Le Cardinal songeait alors à former le dessein de détruire le parti des huguenots et à faire[63] le siège de la Rochelle. Cette guerre a été si amplement décrite, qu’il serait inutile d’en dire ici les particularités ; on sait assez que le duc de Bouquinquan vint avec une puissante flotte pour secourir la Rochelle, qu’il attaqua l’île de Ré sans la prendre, et qu’il se retira après un succès malheureux ; mais tout le monde ne sait pas que le Cardinal accusa la Reine d’avoir concerté cette entreprise avec le duc de Bouquinquan, pour faire la paix des huguenots, et pour lui donner prétexte de revenir à la cour et de revoir la Reine. Ces projets du duc de Bouquinquan furent inutiles : la Rochelle fut prise[64] et il fut assassiné peu de temps après son retour en Angleterre[65]. Le Cardinal triompha inhumainement de cette mort ; il dit des choses piquantes de la douleur de la Reine, et il recommença[66] d’espérer.

Après la prise de la Rochelle et la ruine des huguenots, le Roi alla à Lyon pour donner ordre aux affaires d’Italie et secourir Cazal[67]. J’entrai dans le monde ence temps-là[68], comme j’ai dit[69] ; je revins à la cour, de l’armée d’Italie, où j’étais mestre de camp du régiment d’Auvergne, et je commençai à remarquer avec quelque attention ce que je voyais. La mésintelligence de la Reine mère et du cardinal de Richelieu paraissait déjà, et on prévoyait qu’elle devait avoir de grandes suites ; mais il était malaisé d’en prévoir l’événement. La Reine mère avertit le Roi que le Cardinal était amoureux de la Reine sa femme : cet avis fit son effet, et le Roi en fut vivement touché ; il parut même disposé[70] à chasser le Cardinal et demanda à la Reine mère qui on pourrait mettre à sa place dans le ministère ; elle hésita, et ne lui osa nommer personne, soit qu’elle appréhendât que ses créatures ne lui fussent pas agréables ou qu’elle n’eût pas pris ses mesures avec celui qu’elle y voulait établir. Cette faute de la Reine mère causa sa perte et sauva le Cardinal : le Roi, paresseux et timide, craignit le poids des affaires, et de manquer d’un homme capable de l’en soulager, et le Cardinal eut tout le temps et tous les moyens nécessaires pour dissiper la jalousie du Roi et pour se garantir des mauvais offices de la Reine mère. Cependant, il n’oublia rien pour la fléchir, ne se voyant pas encore en état de la détruire ; elle, de son côté, fit semblant de se réconcilier sincèrement[71] avec lui ; mais la haine dura toujours[72].

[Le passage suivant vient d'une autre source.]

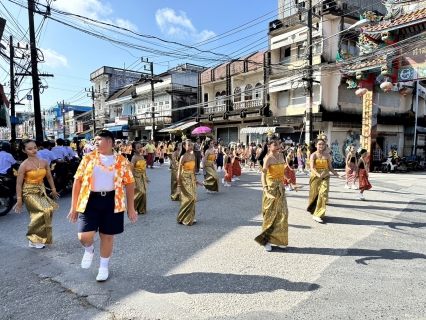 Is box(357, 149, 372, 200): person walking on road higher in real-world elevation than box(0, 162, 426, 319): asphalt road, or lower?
higher

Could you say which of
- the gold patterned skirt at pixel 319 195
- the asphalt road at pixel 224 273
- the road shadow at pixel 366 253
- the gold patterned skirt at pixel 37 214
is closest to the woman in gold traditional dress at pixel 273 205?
the asphalt road at pixel 224 273

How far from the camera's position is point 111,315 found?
2.67 m

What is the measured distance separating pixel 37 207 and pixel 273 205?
11.7ft

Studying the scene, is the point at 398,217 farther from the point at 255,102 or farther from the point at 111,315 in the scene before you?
the point at 255,102

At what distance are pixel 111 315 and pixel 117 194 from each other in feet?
3.97

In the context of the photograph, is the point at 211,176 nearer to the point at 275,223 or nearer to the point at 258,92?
the point at 275,223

Le Roi tomba alors[73] dans cette[74] dangereuse maladie où tout le monde désespéra de sa santé. La Reine mère, le voyant dans cette extrémité, songea à prévenir le Cardinal ; elle résolut de le faire arrêter prisonnier au moment de la mort du Roi, et de le mettre à Pierre-Encise[75], sous la garde de M. d’Alincourt[76], gouverneur de Lyon. On a dit que le Cardinal avait su depuis, par le duc de Montmorency, le nom et les divers avis de tous ceux qui avaient assisté au conseil que la Reine avait tenu contre lui, et que, dans la suite, il les avait punis des mêmes peines qu’ils lui voulaient faire souffrir.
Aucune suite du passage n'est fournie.